Doit-il dénoncer la procédure au mandataire judiciaire (ancien représentant des créanciers) ?

Le commandement de payer visant une clause résolutoire d’un bail commercial n’a pas à être notifié aux créanciers inscrits. Le mandataire judiciaire n’a pas à être mis en cause dans une procédure portant sur des loyers échus après le jugement d’ouverture. La Cour de cassation l’a rappelé dans un arrêt du 16 mars 2017

Il convient de rappeler que l’article L. 631-1 et, plus particulièrement de l’article L. 622-23 du code de commerce,  impose que le mandataire judiciaire ait été mis en cause avant que des actions en justice et des procédures d’exécution soient poursuivies au cours de la période de redressement judiciaire à l’encontre du débiteur. Mais la Cour de cassation  considère que dès lors que le commandement de payer et l’assignation en référé visent des loyers échus après le jugement d’ouverture de la procédure de redressement judiciaire, les dispositions de l’article L. 622-23 du code de commerce n’ont donc pas vocation à s’appliquer.

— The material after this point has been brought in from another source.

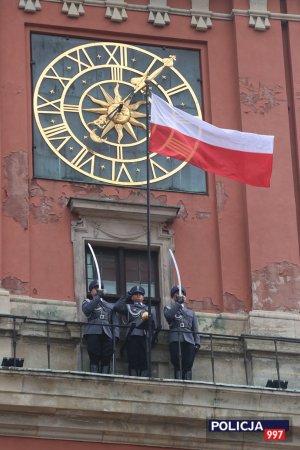 Koncert orkiestr Straży Granicznej i Policji „Hymn nad hymnami”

Et pourtant une ordonnance de référé du 12 Juillet 2018 du Tribunal de grande instance de Grenoble exige la présence du mandataire judiciaire …..

S’agissant de la procédure de  liquidation judiciaire, la demande de résiliation pour défaut de paiement du loyer ou des charges ne peut aboutir que pour des impayés antérieurs au jugement de liquidation judiciaire, mais l’action ne pourra être engagée qu’au bout de trois mois après l’ouverture de la procédure collective.

Le bailleur a également la possibilité de demander la résiliation du bail, pour des motifs antérieurs au jugement d’ouverture de la procédure, mais autres que le non-paiement des loyers et des charges (exemple : défaut d’assurance ou d’entretien des lieux loués). En ce cas, il doit agir en justice dans les trois mois du jugement de liquidation judiciaire.

Il convient de préciser pour la bonne règle qu’une procédure d’expulsion ne peut être engagée à l’encontre d’un locataire que lorsque que la décision d’un juge est exécutoire et définitive.

En général, en cas de loyer impayé, les bailleurs engagent des procédures rapides en référé devant le Tribunal de Grande Instance, en se fondant sur la clause résolutoire figurant au bail.

Or, cette décision de référé qui peut prononcer l’expulsion, bien qu’elle soit exécutoire de plein droit, ne peut être exécutée que lorsqu’elle acquiert un caractère définitif. Dès lors qu’un jugement d’ouverture de procédure collective est prononcé avant l’expiration du délai d’appel de l’ordonnance de référé, la procédure d’expulsion ne peut être engagée et est paralysée par la procédure collective.

  1. Cession ou modification de l’activité

La procédure collective peut entraîner une cession totale ou partielle de l’entreprise, laquelle peut comprendre le bail commercial.

Le Tribunal peut également décider d’adjoindre une ou plusieurs activités nouvelles au bail et cette décision s’imposera au bailleur lequel ne pourra faire valoir les stipulations qui lui sont favorables en matière de déspécialisation.

Le sort d’un bail commercial dans le cadre d’une procédure collective est un chemin parsemé d’embûches pour le bailleur. La nécessité d’une déclaration de créance, l’intervention de différents mandataires à géométrie variable selon la taille de l’entreprise, les dispositions d’ordre public de la procédure collective qui s’imposent au droit des baux commerciaux rendent la relation entre le bailleur et le locataire, notamment pour le recouvrement des loyers, extrêmement compliquée.

Mais c’était bien le but recherché par le législateur, la philosophie du droit des procédures collectives est de favoriser le redressement des entreprises afin de sauvegarder les emplois. Le bailleur, même s’il détient des privilèges et garanties, fait partie des sacrifiés sur l’autel du nécessaire redressement des entreprises.